Es heißt, die Bewegungen hätten auf dem Forum immer weniger zu sagen und die NGOs regieren.
Das stimmt zum Teil. Auch das ist ein Unterschied zwischen Lateinamerika und Afrika. In Lateinamerika sind die sozialen Bewegungen und die Gewerkschaften viel stärker. Das hat sich auch in der Wahl von mehr oder weniger linken Staatschefs niedergeschlagen. Beim Sozialforum in Nairobi gab es wohl auch Kritik an Regierungen, aber keine so stark vertretenen sozialen Bewegungen. Man organisiert sich viel mehr um NGOs, die stärkere Lobbying-Strukturen aufgebaut haben. In vielen afrikanischen Ländern ist auch die Bereitschaft und die Möglichkeit der armen Bevölkerungsgruppen, sich massiv zu engagieren, nicht so vorhanden.
Die Homosexuellen-Initiativen sollen sehr erfolgreich gewesen sein.
Der „Q-Spot“ – ein Wortspiel zwischen „G-Spot“ und „Queer“, also lesbischwul-trans-Themen – war sehr gut besucht und am ganzen Gelände bekannt.
Verschiedene Organisationen haben das Tabuthema lesbisches und schwules Leben in Afrika angesprochen. Auch aus Ländern, wo man dafür ins Gefängnis kommen kann.

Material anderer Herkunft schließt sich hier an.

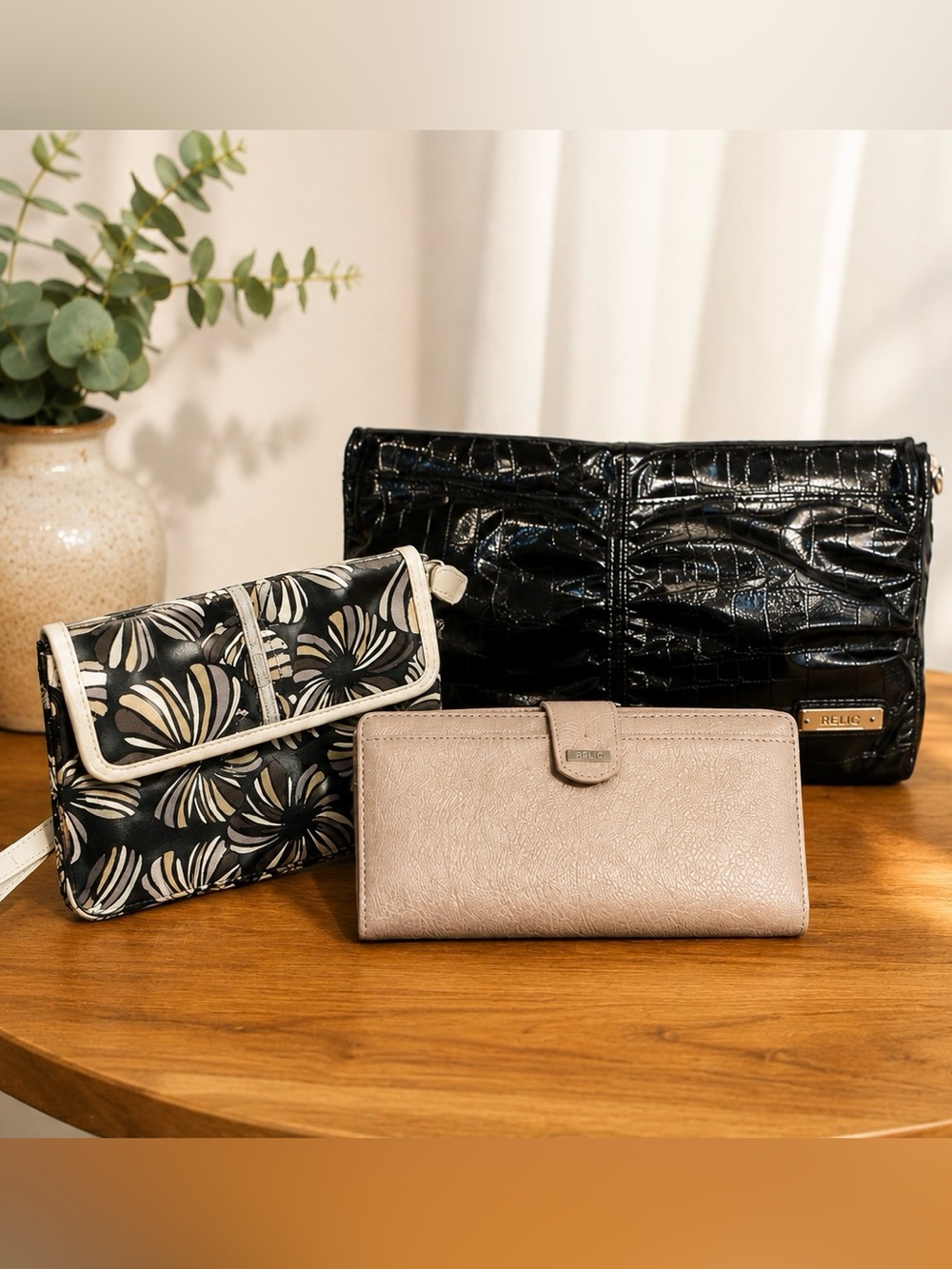 Relic Three Piece Set - Clutch, Crossbody, and Rose Gold Tone Wallet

Die ReferentInnen wählten teils sehr humorvolle und provokante Zugänge –so haben sie es auch in die lokalen Medien geschafft – und nicht nur negativ! Einmal waren 200 Leute in einem Saal, viele davon, die nur neugierig waren, zugehört und Fragen gestellt haben. Den OrganisatorInnen ist es ausgezeichnet gelungen, zu einer Öffnung in den Köpfen der Menschen beizutragen, dass es nämlich auch in Afrika Menschen gibt, die sich ins gleiche Geschlecht verlieben – und dass das ganz normal und gar nicht unafrikanisch ist, wie Staatschefs wie Mugabe oder Museveni behaupten.

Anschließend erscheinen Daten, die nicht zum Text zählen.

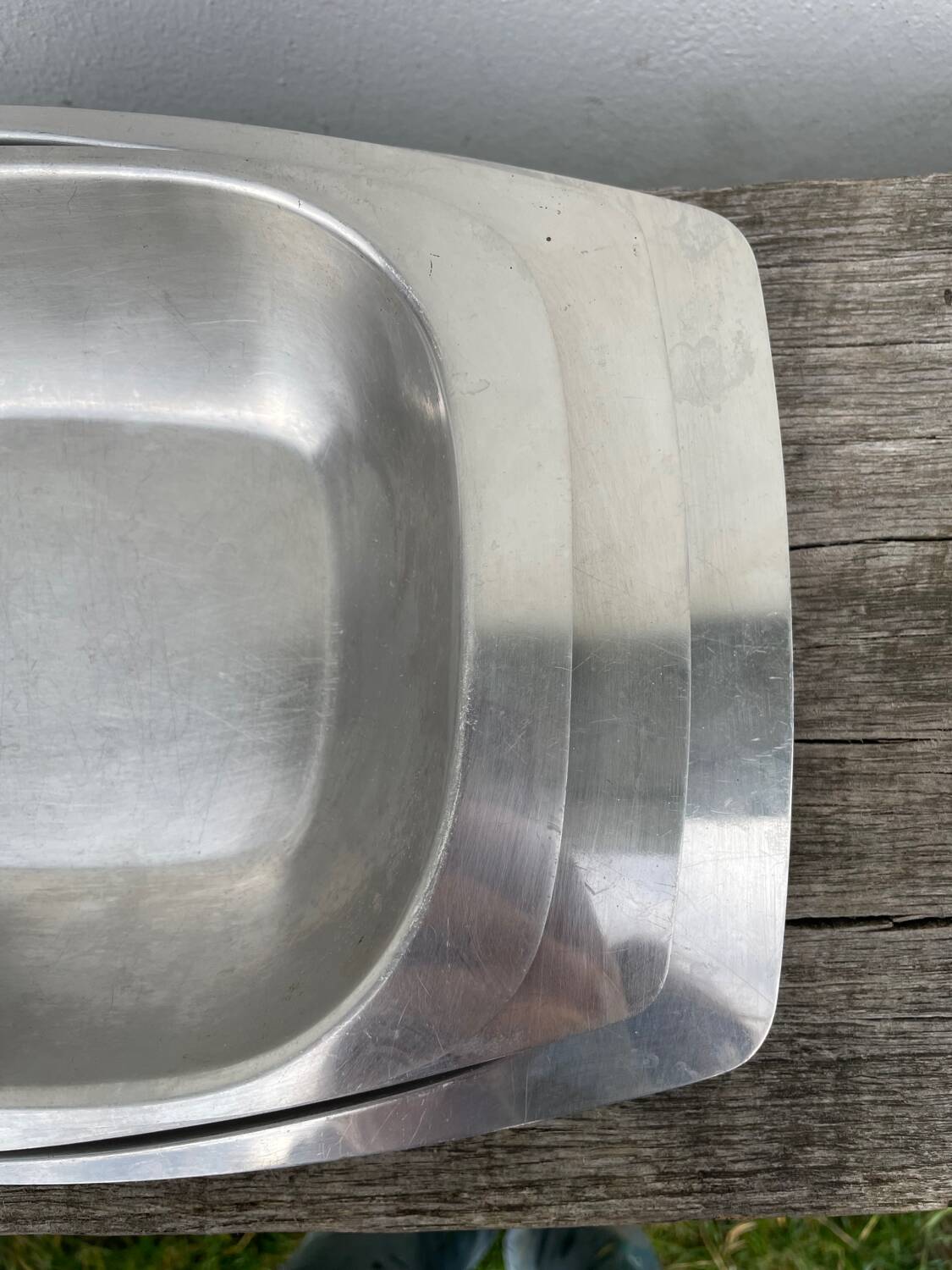 Trio of Danish Scandinavian stainless steel dishes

Ulrike Lunacek ist Nationalratsabgeordnete der Grünen und Sprecherin für Außen- und Entwicklungspolitik, für Gleichstellung von Lesben, Schwulen und TransGenderPersonen sowie Ko-Vorsitzende der Europäischen Grünen Partei EGP.
Ralf Leonhard ist freier Mitarbeiter des Südwind-Magazins.